**WHAT YOU ARE ASKED TO DO**. Which lines below contain the word "table"? Copy each of them.

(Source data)
-*-

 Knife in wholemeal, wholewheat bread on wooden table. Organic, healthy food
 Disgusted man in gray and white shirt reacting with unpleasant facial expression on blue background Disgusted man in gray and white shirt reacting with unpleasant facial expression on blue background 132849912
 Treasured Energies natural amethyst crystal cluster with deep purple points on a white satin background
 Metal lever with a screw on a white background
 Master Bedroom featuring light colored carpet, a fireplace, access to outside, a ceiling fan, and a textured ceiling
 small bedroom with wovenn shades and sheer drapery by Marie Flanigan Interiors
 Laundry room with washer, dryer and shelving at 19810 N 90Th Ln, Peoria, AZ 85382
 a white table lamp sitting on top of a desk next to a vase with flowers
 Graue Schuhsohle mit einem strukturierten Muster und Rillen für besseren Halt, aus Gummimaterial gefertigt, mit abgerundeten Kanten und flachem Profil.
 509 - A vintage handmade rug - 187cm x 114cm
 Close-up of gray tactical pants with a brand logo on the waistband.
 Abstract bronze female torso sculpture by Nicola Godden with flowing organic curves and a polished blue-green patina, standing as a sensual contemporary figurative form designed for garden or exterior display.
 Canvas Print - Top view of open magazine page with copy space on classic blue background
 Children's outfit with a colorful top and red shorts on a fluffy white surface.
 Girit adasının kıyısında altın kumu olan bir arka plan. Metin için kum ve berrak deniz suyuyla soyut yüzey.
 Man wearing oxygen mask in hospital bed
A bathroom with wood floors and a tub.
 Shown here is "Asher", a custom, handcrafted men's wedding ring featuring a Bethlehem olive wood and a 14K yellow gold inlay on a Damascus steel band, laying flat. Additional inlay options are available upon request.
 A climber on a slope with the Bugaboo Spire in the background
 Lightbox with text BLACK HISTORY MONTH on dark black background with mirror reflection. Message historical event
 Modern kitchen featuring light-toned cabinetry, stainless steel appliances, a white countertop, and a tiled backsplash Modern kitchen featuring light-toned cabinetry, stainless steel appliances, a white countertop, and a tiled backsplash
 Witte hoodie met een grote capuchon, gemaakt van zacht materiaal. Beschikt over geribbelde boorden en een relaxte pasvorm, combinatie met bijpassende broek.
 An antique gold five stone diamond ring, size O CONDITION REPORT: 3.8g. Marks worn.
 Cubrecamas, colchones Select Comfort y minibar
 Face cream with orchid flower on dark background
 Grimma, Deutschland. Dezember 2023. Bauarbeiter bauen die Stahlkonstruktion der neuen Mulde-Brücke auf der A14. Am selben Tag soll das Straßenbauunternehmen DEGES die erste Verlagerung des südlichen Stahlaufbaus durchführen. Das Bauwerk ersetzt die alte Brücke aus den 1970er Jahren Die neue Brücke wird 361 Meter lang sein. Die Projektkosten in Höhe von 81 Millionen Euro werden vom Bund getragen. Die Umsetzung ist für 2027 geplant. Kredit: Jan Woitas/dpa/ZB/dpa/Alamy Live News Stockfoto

-*-

**YOUR RESPONSE**.
 Knife in wholemeal, wholewheat bread on wooden table. Organic, healthy food
 a white table lamp sitting on top of a desk next to a vase with flowers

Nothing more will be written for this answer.